В модельных системах TFO могут подавлять экспрессию генов на уровне ДНК, а также вызывать целевой мутагенез в модели. [6] Ингибирование удлинения транскрипции на эндогенных мишенях, индуцированное ТФО, было успешно протестировано на культурах клеток. [7] Однако, несмотря на значительный успех in vitro , достижения в области клеточных приложений были ограничены, возможно, из-за целевой доступности.

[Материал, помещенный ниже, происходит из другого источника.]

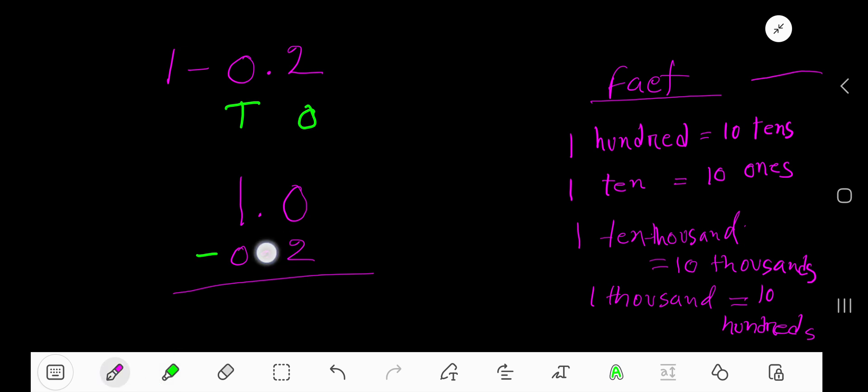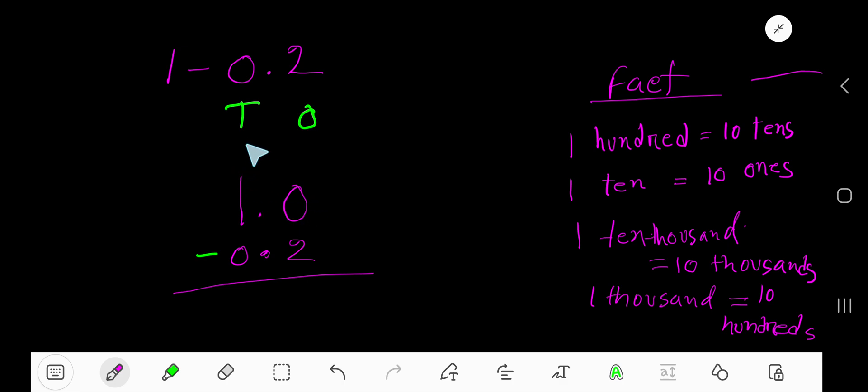Take away two ones from zero ones. You cannot subtract from zero, so you need to borrow. Go to the next column. Here we have one ten, so if you borrow one ten, then you will have zero tens, and one ten equals ten ones. This is fact.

TFO могут заставить замолчать ген молчания за счет нацеливания на инициацию или удлинение транскрипции, остановку на сайтах связывания триплекса или внесение постоянных изменений в последовательность-мишень посредством стимуляции собственных путей репарации клетки. Эти приложения могут быть актуальны при создании методов лечения рака, которые подавляют экспрессию генов на уровне ДНК. Поскольку аберрантная экспрессия генов является признаком рака, регулирование уровней экспрессии этих эндогенных генов может потенциально действовать в качестве терапии для нескольких типов рака .

Синтетические полиамиды [ править ]

Синтетические полиамиды представляют собой набор небольших молекул, которые образуют специфические водородные связи с малой бороздкой ДНК. Они могут оказывать влияние либо напрямую, связывая регуляторную область или транскрибируемую область гена для модификации транскрипции, либо опосредованно, путем спроектированной конъюгации с другим агентом, который вносит изменения вокруг целевого сайта ДНК.

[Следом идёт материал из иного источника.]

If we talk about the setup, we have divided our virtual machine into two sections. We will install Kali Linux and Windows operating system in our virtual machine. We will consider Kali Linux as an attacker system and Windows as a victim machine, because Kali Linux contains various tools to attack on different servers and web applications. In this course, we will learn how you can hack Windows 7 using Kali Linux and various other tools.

Мультфильм представление синтетического полиамида для распознавания последовательности ДНК. Последовательность ДНК 5'-GTAC-3 'распознается парами аминокислот Py / Im, Py / Hp, Hp / Py и Im / Py. См. [8] [9] для получения информации о химической структуре.

Структура [ править ]

Определенные основания в малой бороздке ДНК могут распознаваться и связываться небольшими синтетическими полиамидами (SPA). ДНК-связывающие СПА содержат три полиамидно-аминокислотных компонента: гидроксипиррол (Hp), имидазол (Im) и пиррол (Py). [10] Цепи этих аминокислот образуют петлю в виде шпильки. Аминокислоты по обе стороны от шпильки образуют пару, которая может специфически распознавать обе стороны пары оснований Уотсона-Крика.. Это происходит за счет водородных связей в малой бороздке ДНК. Амидные пары Py / Im, Py / Hp, Hp / Py и Im / Py распознают пары оснований Уотсона-Крика CG, AT, TA и GC соответственно (таблица 1). См. Рисунок для графического представления распознавания 5'-GTAC-3 'SPA. СПА обладают низкой токсичностью, но еще не использовались для модуляции генов человека.

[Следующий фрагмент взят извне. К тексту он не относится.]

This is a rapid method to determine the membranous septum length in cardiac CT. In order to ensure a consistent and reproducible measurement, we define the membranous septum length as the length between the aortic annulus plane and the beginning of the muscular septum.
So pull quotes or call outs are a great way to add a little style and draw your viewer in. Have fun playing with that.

Таблица 1. Код распознавания пары амидов к паре нуклеотидов.
Амидная параНуклеотидная пара
Py / ImCG
Py / HpВ
Л.с. / PyTA
Im / PyGC

Ограничения и обходные пути [ править ]

Главный структурный недостаток немодифицированных SPA как модуляторов генов заключается в том, что их последовательность распознавания не может быть расширена за пределы 5 пар оснований Уотсона-Крика. Естественная кривизна малой бороздки ДНК слишком крута для структуры шпильки. Есть несколько групп, предлагающих обходные пути к этой проблеме. [8] [11] [12] [13] [14] SPA могут быть сделаны, чтобы лучше следовать кривизне малой бороздки, путем введения бета-аланина, который расслабляет структуру. [10] Другой подход к увеличению длины распознавания - использование нескольких коротких шпилек подряд. [15] [16] Этот подход увеличил длину распознавания до одиннадцати пар оснований Уотсона-Крика.

Синтетический полиамид блокирует транскрипцию РНК путем связывания в транскрибируемой области.
Синтетический полиамид, блокирующий факторы транскрипции.

Прямая модуляция [ править ]

SPA могут ингибировать транскрипцию посредством связывания в транскрибируемой области гена-мишени. Это ингибирование происходит за счет блокирования удлинения РНК-полимеразой.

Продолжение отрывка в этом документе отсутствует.